EXERCISE DESCRIPTION >> Write out every entry below word for word, leaving nothing out.

****************

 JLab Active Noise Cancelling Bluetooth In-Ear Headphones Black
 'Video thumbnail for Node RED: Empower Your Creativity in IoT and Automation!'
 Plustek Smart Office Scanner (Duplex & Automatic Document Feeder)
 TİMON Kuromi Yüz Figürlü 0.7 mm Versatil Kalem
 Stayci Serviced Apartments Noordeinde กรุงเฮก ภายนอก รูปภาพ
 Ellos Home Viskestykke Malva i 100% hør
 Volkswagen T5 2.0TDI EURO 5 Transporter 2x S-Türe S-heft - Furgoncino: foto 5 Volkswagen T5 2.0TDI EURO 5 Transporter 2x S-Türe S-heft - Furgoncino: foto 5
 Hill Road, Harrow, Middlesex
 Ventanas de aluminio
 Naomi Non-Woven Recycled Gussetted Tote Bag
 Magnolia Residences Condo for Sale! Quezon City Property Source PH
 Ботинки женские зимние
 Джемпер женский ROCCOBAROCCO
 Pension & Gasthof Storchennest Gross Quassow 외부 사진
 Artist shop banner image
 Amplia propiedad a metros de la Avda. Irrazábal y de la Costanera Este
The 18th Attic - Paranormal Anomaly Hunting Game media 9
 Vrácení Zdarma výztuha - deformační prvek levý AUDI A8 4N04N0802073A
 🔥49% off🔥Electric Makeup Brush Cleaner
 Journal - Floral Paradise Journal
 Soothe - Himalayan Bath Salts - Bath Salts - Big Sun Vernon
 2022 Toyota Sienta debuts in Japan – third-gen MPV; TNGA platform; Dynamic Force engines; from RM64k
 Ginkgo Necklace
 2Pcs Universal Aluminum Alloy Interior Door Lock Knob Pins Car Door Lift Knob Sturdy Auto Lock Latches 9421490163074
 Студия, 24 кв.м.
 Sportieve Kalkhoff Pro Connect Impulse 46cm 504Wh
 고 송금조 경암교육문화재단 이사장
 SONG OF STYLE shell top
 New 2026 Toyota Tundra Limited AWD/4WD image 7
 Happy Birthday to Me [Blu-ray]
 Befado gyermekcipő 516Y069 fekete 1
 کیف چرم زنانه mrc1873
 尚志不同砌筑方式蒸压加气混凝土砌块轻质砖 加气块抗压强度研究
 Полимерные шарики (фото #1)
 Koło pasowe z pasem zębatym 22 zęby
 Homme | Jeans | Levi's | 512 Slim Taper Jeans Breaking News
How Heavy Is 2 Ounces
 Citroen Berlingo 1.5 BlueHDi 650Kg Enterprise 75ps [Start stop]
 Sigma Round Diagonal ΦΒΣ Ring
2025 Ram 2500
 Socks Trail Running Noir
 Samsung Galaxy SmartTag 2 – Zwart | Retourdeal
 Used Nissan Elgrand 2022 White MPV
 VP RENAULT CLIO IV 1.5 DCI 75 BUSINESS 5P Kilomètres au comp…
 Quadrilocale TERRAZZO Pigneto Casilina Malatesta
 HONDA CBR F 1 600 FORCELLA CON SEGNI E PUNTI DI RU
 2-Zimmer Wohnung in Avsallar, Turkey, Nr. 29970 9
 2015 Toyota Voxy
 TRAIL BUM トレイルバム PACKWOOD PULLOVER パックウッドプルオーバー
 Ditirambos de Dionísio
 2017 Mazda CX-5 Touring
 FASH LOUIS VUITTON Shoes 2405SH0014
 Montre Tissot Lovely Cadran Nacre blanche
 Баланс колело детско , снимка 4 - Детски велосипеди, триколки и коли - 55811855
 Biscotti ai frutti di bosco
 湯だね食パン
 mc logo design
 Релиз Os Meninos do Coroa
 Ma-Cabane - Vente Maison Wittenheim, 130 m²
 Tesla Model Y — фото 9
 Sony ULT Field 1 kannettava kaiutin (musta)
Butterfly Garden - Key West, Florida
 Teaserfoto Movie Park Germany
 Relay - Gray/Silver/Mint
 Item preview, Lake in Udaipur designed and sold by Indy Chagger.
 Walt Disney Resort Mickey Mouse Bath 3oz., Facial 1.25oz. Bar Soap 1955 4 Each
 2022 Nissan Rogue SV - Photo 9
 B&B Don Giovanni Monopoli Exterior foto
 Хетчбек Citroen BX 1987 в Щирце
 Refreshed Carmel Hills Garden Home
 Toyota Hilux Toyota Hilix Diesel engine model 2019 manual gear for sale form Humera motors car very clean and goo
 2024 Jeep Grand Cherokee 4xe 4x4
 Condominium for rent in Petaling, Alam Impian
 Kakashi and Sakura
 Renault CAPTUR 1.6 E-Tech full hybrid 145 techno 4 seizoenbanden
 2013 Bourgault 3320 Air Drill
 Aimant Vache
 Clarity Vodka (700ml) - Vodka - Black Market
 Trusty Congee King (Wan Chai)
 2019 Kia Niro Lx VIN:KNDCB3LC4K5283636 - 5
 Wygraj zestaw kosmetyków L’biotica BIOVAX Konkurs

****************

ANSWER BOX >>
 JLab Active Noise Cancelling Bluetooth In-Ear Headphones Black
 'Video thumbnail for Node RED: Empower Your Creativity in IoT and Automation!'
 Plustek Smart Office Scanner (Duplex & Automatic Document Feeder)
 TİMON Kuromi Yüz Figürlü 0.7 mm Versatil Kalem
 Stayci Serviced Apartments Noordeinde กรุงเฮก ภายนอก รูปภาพ
 Ellos Home Viskestykke Malva i 100% hør
 Volkswagen T5 2.0TDI EURO 5 Transporter 2x S-Türe S-heft - Furgoncino: foto 5 Volkswagen T5 2.0TDI EURO 5 Transporter 2x S-Türe S-heft - Furgoncino: foto 5
 Hill Road, Harrow, Middlesex
 Ventanas de aluminio
 Naomi Non-Woven Recycled Gussetted Tote Bag
 Magnolia Residences Condo for Sale! Quezon City Property Source PH
 Ботинки женские зимние
 Джемпер женский ROCCOBAROCCO
 Pension & Gasthof Storchennest Gross Quassow 외부 사진
 Artist shop banner image
 Amplia propiedad a metros de la Avda. Irrazábal y de la Costanera Este
The 18th Attic - Paranormal Anomaly Hunting Game media 9
 Vrácení Zdarma výztuha - deformační prvek levý AUDI A8 4N04N0802073A
 🔥49% off🔥Electric Makeup Brush Cleaner
 Journal - Floral Paradise Journal
 Soothe - Himalayan Bath Salts - Bath Salts - Big Sun Vernon
 2022 Toyota Sienta debuts in Japan – third-gen MPV; TNGA platform; Dynamic Force engines; from RM64k
 Ginkgo Necklace
 2Pcs Universal Aluminum Alloy Interior Door Lock Knob Pins Car Door Lift Knob Sturdy Auto Lock Latches 9421490163074
 Студия, 24 кв.м.
 Sportieve Kalkhoff Pro Connect Impulse 46cm 504Wh
 고 송금조 경암교육문화재단 이사장
 SONG OF STYLE shell top
 New 2026 Toyota Tundra Limited AWD/4WD image 7
 Happy Birthday to Me [Blu-ray]
 Befado gyermekcipő 516Y069 fekete 1
 کیف چرم زنانه mrc1873
 尚志不同砌筑方式蒸压加气混凝土砌块轻质砖 加气块抗压强度研究
 Полимерные шарики (фото #1)
 Koło pasowe z pasem zębatym 22 zęby
 Homme | Jeans | Levi's | 512 Slim Taper Jeans Breaking News
How Heavy Is 2 Ounces
 Citroen Berlingo 1.5 BlueHDi 650Kg Enterprise 75ps [Start stop]
 Sigma Round Diagonal ΦΒΣ Ring
2025 Ram 2500
 Socks Trail Running Noir
 Samsung Galaxy SmartTag 2 – Zwart | Retourdeal
 Used Nissan Elgrand 2022 White MPV
 VP RENAULT CLIO IV 1.5 DCI 75 BUSINESS 5P Kilomètres au comp…
 Quadrilocale TERRAZZO Pigneto Casilina Malatesta
 HONDA CBR F 1 600 FORCELLA CON SEGNI E PUNTI DI RU
 2-Zimmer Wohnung in Avsallar, Turkey, Nr. 29970 9
 2015 Toyota Voxy
 TRAIL BUM トレイルバム PACKWOOD PULLOVER パックウッドプルオーバー
 Ditirambos de Dionísio
 2017 Mazda CX-5 Touring
 FASH LOUIS VUITTON Shoes 2405SH0014
 Montre Tissot Lovely Cadran Nacre blanche
 Баланс колело детско , снимка 4 - Детски велосипеди, триколки и коли - 55811855
 Biscotti ai frutti di bosco
 湯だね食パン
 mc logo design
 Релиз Os Meninos do Coroa
 Ma-Cabane - Vente Maison Wittenheim, 130 m²
 Tesla Model Y — фото 9
 Sony ULT Field 1 kannettava kaiutin (musta)
Butterfly Garden - Key West, Florida
 Teaserfoto Movie Park Germany
 Relay - Gray/Silver/Mint
 Item preview, Lake in Udaipur designed and sold by Indy Chagger.
 Walt Disney Resort Mickey Mouse Bath 3oz., Facial 1.25oz. Bar Soap 1955 4 Each
 2022 Nissan Rogue SV - Photo 9
 B&B Don Giovanni Monopoli Exterior foto
 Хетчбек Citroen BX 1987 в Щирце
 Refreshed Carmel Hills Garden Home
 Toyota Hilux Toyota Hilix Diesel engine model 2019 manual gear for sale form Humera motors car very clean and goo
 2024 Jeep Grand Cherokee 4xe 4x4
 Condominium for rent in Petaling, Alam Impian
 Kakashi and Sakura
 Renault CAPTUR 1.6 E-Tech full hybrid 145 techno 4 seizoenbanden
 2013 Bourgault 3320 Air Drill
 Aimant Vache
 Clarity Vodka (700ml) - Vodka - Black Market
 Trusty Congee King (Wan Chai)
 2019 Kia Niro Lx VIN:KNDCB3LC4K5283636 - 5
 Wygraj zestaw kosmetyków L’biotica BIOVAX Konkurs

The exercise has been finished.